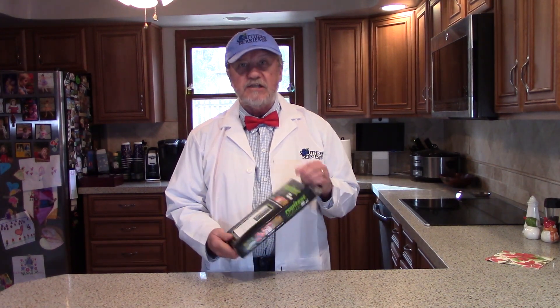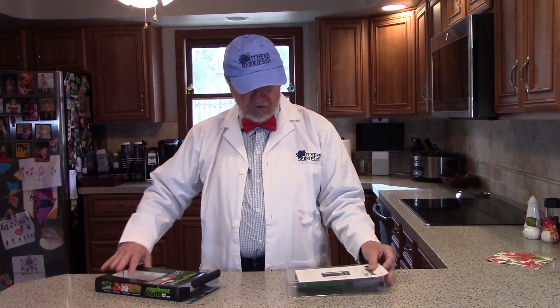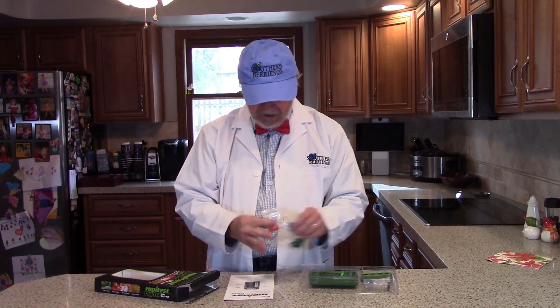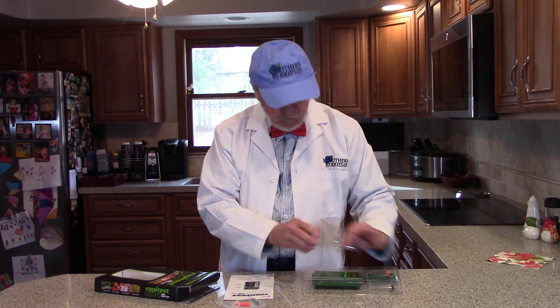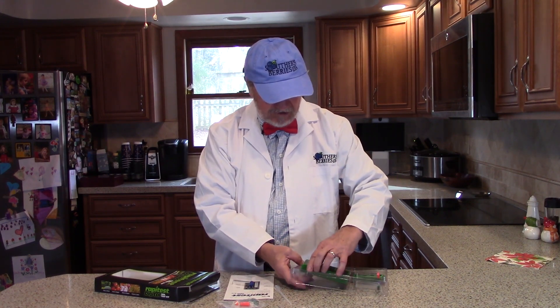To test our soil today, we're going to be using the RapidTest Digital Soil Test Kit. When you open this up, first thing you're going to notice is you have some instructions, so we're going to pay attention to those. We have a suction tube for putting the samples into the vials. We have our capsules that we'll use for testing the pH, the nitrogen, the phosphorus, and the potash. We have our test tubes that we'll put the samples in. And when we're finished, we have our soil tester that's going to tell us the results.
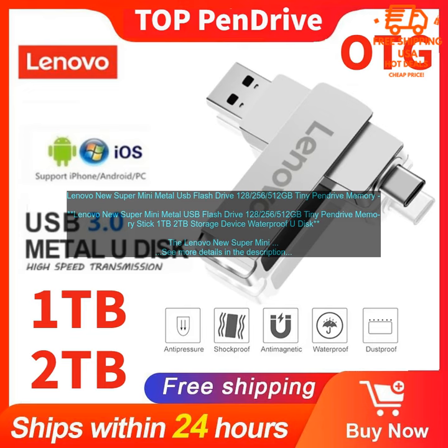It is also waterproof and shockproof, making it ideal for use in harsh environments. The Lenovo New Super Mini Metal USB Flash Drive is very easy to use. Simply plug it into your computer's USB port and you will be able to access your files. The drive is compatible with Windows, Mac, and Linux operating systems.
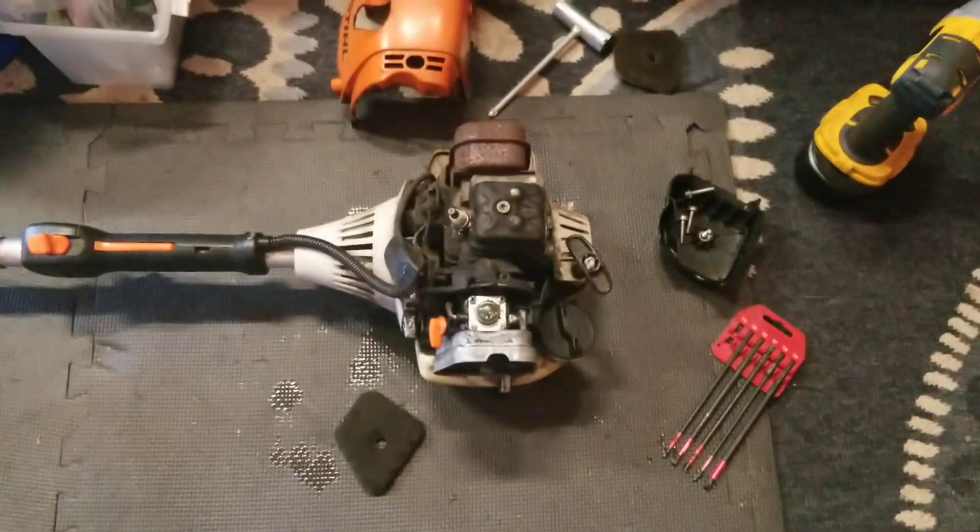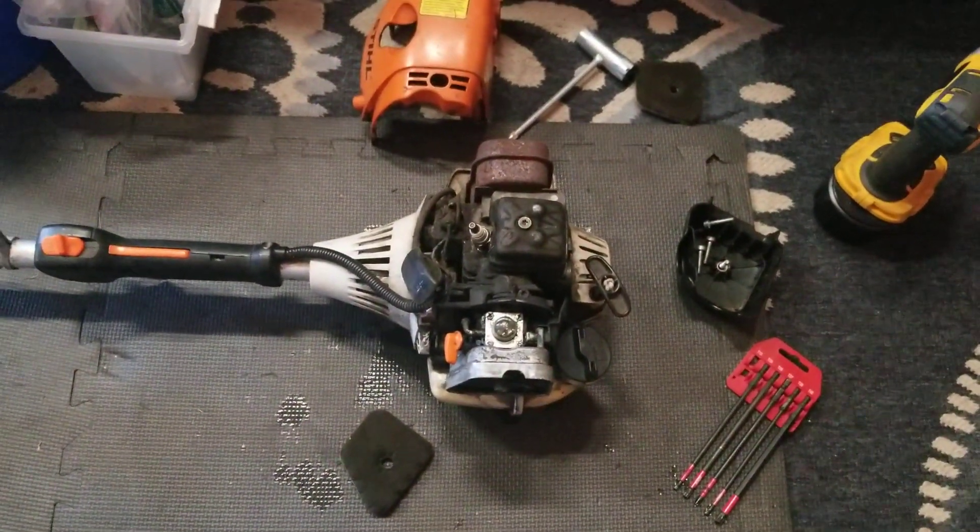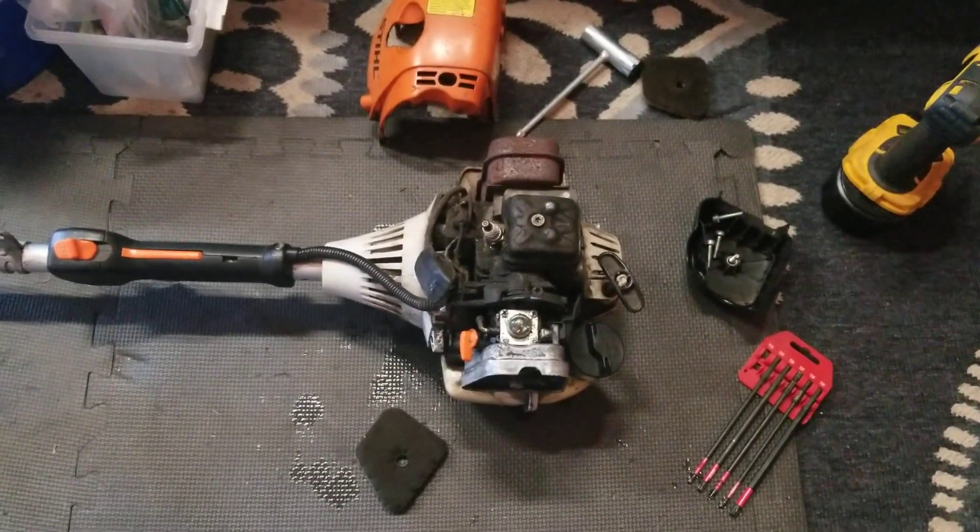FS110R, soon to be stripped and start over with it. It'll look nice and run nice when I'm done with it. Henry the Weedier Man out.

*-*-*

Exercise brief
Strip out the pictures and quote the remaining data word for word.

Response area
To test our soil today, we're going to be using the RapidTest Digital Soil Test Kit. When you open this up, first thing you're going to notice is you have some instructions, so we're going to pay attention to those. We have a suction tube for putting the samples into the vials. We have our capsules that we'll use for testing the pH, the nitrogen, the phosphorus, and the potash. We have our test tubes that we'll put the samples in. And when we're finished, we have our soil tester that's going to tell us the results.
It is also waterproof and shockproof, making it ideal for use in harsh environments. The Lenovo New Super Mini Metal USB Flash Drive is very easy to use. Simply plug it into your computer's USB port and you will be able to access your files. The drive is compatible with Windows, Mac, and Linux operating systems.
FS110R, soon to be stripped and start over with it. It'll look nice and run nice when I'm done with it. Henry the Weedier Man out.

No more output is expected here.